When the call finally comes, the voice on the other end of the line tells a lot about what is to come. Generally, the worse the news, the higher up the chain is the person delivering it. I enjoy hearing from my oncologist, but a personal call after a scan sets off alarm bells. Too cheery of a greeting and I am suspicious of what will follow. The results are always presented in the best possible light, even when the findings are gloomy. The PA who called about the pathology report after my second mastectomy chose her words carefully. The favorable findings came first; the chemo had cleared nearly all the cancer in the breast and I had clean margins after surgery. She paused – and I caught it – before putting the best possible spin on the rest of the report, which wasn’t as rosy. By the time she was done, I found myself saying, “I’ll take that as good news,” when informed that 27 of 38 removed lymph nodes contained residual cancer. At least it wasn’t all 38!
With the advent of the 21st Century Cures Act and years of patient advocacy that sought more transparency, it is now possible to learn the results of a scan from an app on a phone instead of from a member of the oncology team. Most facilities will not upload a report until there is an opportunity to speak to the patient personally, but it doesn’t always happen that way. I know people who learned they had cancer after innocently opening a report in an online patient portal. In at least one situation, a woman discovered she had breast cancer before her doctor had a chance to read the report herself.

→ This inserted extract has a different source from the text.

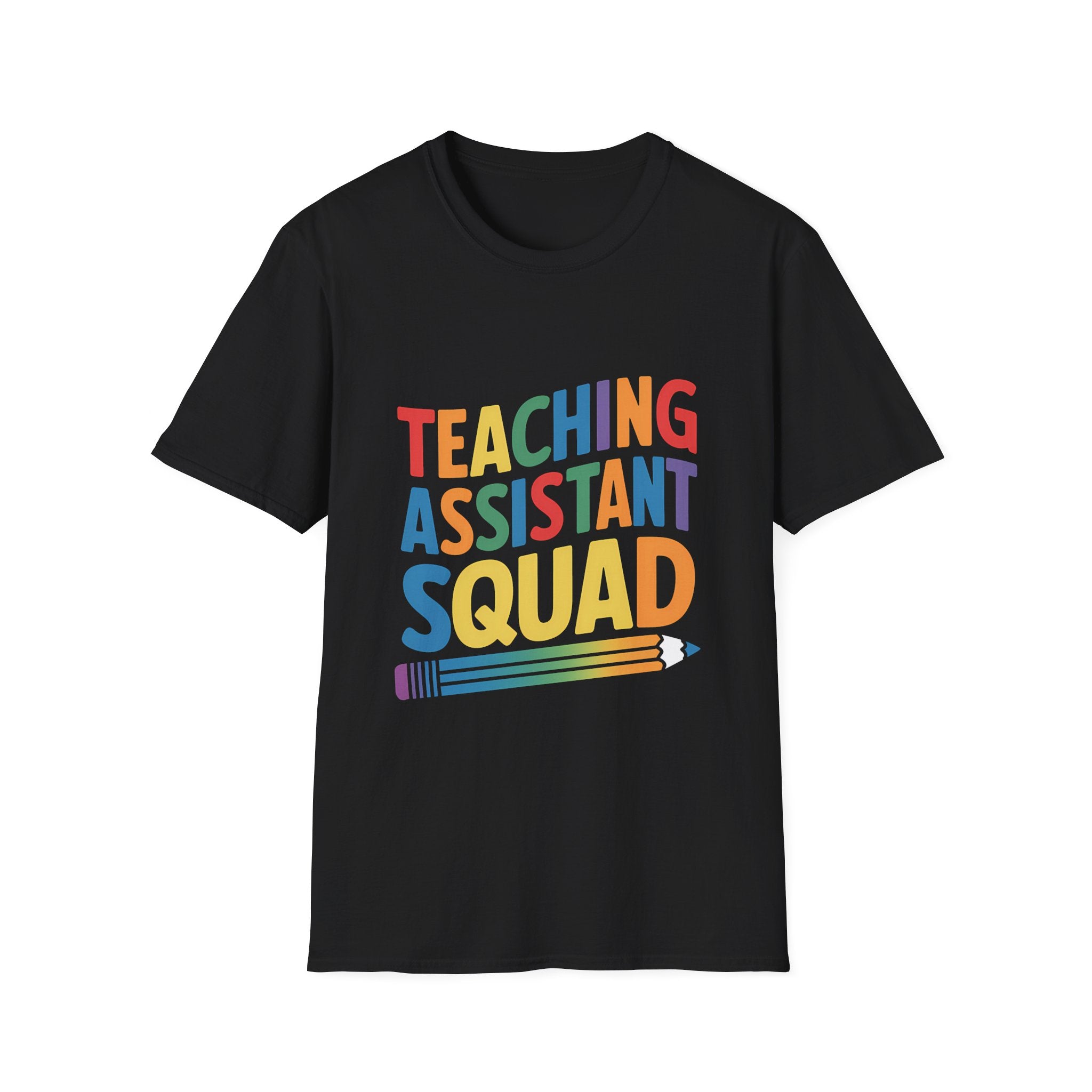 Teaching Assistant Squad Shirt | Teaching Assistant Gift | Unisex Teaching Assistant T Shirt Main image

How we transmit information in the “information age” will continue to be a subject of wide-ranging debate. But when it comes to potentially life-altering medical news, I prefer it served clear and clean, and as personally as possible. I want a chance to ask questions pending that I am actually able to formulate any at that moment. Mostly, I hope for words of reassurance that will inspire confidence about future treatment options. The means by which the oncology team and I connect in the frightening moments cements our bond and sets the tone for everything that comes later.